The lawsuits claim that Fresenius failed to adequately warn that Granuflo and NaturaLyte convert to bicarbonate at higher levels than most doctors realized, which required that patients be closely monitored during treatment to avoid a risk of sudden heart problems.
Although Fresenius was aware that a large number of hemodialysis patients were suffering cardiac arrest at clinics throughout the U.S., plaintiffs allege that the company withheld information about the importance of monitoring patient bicarbonate levels and continued to sell the dialysis products as safe and effective.
Fresenius Granuflo and NaturaLyte Problems
Concerns about the link between NaturaLyte, Granuflo and heart problems surfaced in early 2012, after an internal Fresenius memo was leaked to the FDA.
Although the company indicated in the internal memo that it was aware of at least 941 instances where patients suffered sudden cardiac arrest during dialysis treatment in 2010, Fresenius failed to take actions to ensure that all doctors using Granuflo or NaturaLyte were aware of the problems.

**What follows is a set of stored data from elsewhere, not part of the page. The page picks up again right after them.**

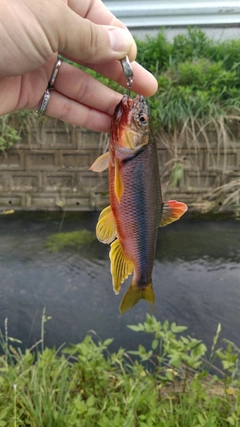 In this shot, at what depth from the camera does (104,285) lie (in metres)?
3.05

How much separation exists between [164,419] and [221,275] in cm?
169

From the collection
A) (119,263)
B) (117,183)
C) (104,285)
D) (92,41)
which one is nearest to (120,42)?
(92,41)

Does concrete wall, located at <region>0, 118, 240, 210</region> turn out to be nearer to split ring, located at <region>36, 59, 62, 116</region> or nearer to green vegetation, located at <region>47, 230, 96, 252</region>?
green vegetation, located at <region>47, 230, 96, 252</region>

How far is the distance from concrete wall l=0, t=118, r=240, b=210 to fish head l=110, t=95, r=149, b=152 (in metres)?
3.16

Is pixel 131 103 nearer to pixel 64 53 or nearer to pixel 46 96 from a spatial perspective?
pixel 64 53

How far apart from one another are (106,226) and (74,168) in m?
3.27

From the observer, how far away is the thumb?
3.63 feet

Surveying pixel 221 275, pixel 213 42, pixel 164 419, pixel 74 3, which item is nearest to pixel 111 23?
pixel 74 3

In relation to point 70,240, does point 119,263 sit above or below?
above

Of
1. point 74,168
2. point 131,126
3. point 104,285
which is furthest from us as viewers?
point 74,168

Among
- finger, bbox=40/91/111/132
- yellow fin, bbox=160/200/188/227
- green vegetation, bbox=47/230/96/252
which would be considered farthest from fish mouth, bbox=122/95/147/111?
green vegetation, bbox=47/230/96/252

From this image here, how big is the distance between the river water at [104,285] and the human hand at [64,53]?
5.23ft

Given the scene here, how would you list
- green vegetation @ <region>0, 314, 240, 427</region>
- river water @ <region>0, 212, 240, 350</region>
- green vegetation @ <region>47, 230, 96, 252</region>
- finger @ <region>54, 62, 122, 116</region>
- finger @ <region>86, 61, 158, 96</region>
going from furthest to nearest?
1. green vegetation @ <region>47, 230, 96, 252</region>
2. river water @ <region>0, 212, 240, 350</region>
3. green vegetation @ <region>0, 314, 240, 427</region>
4. finger @ <region>54, 62, 122, 116</region>
5. finger @ <region>86, 61, 158, 96</region>

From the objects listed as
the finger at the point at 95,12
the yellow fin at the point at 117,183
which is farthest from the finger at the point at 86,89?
the yellow fin at the point at 117,183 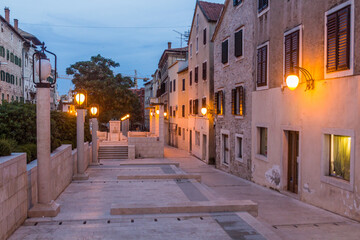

Fresenius issued warnings to doctors at their own clinics in November 2011, indicating that doctors should closely monitor bicarbonate levels during treatments. However, they failed to provide the same information to other clinics that used their products. In addition, lawsuits allege that the manufacturer knew or should have known about the risk of problems long before the internal memo was issued.
In March 2012, Fresenius finally provided a warning letter to all healthcare providers, which the FDA classified as a GranuFlo and NaturaLyte recall.
Dialysis Treatment Litigation
Since information about the problems became public, the number of complaints filed by individuals and families throughout the U.S. has been slowly increasing, with the number of federal cases now exceeding 2,000. In addition, hundreds of cases are also pending in Massachusetts state court.
As part of the coordinated pretrial proceedings in the federal court system, a small group of lawsuits are being prepared for early trial dates, Known as “bellwether” cases, these early trial dates are designed to help the parties gauge how juries may respond to certain evidence and testimony that may be repeated throughout the litigation.
Judge Woodlock has scheduled the first GranuFlo lawsuit to go to trial against Fresenius on January 11, 2016, with a second bellwether trial set to begin on February 16, 2016.
Following these early trial dates in the MDL, if Fresenius fails to reach Granuflo settlements to resolve a large number of the cases pending in the MDL, Judge Woodlock may begin remanding hundreds of cases back to U.S. District Courts nationwide for individual trials.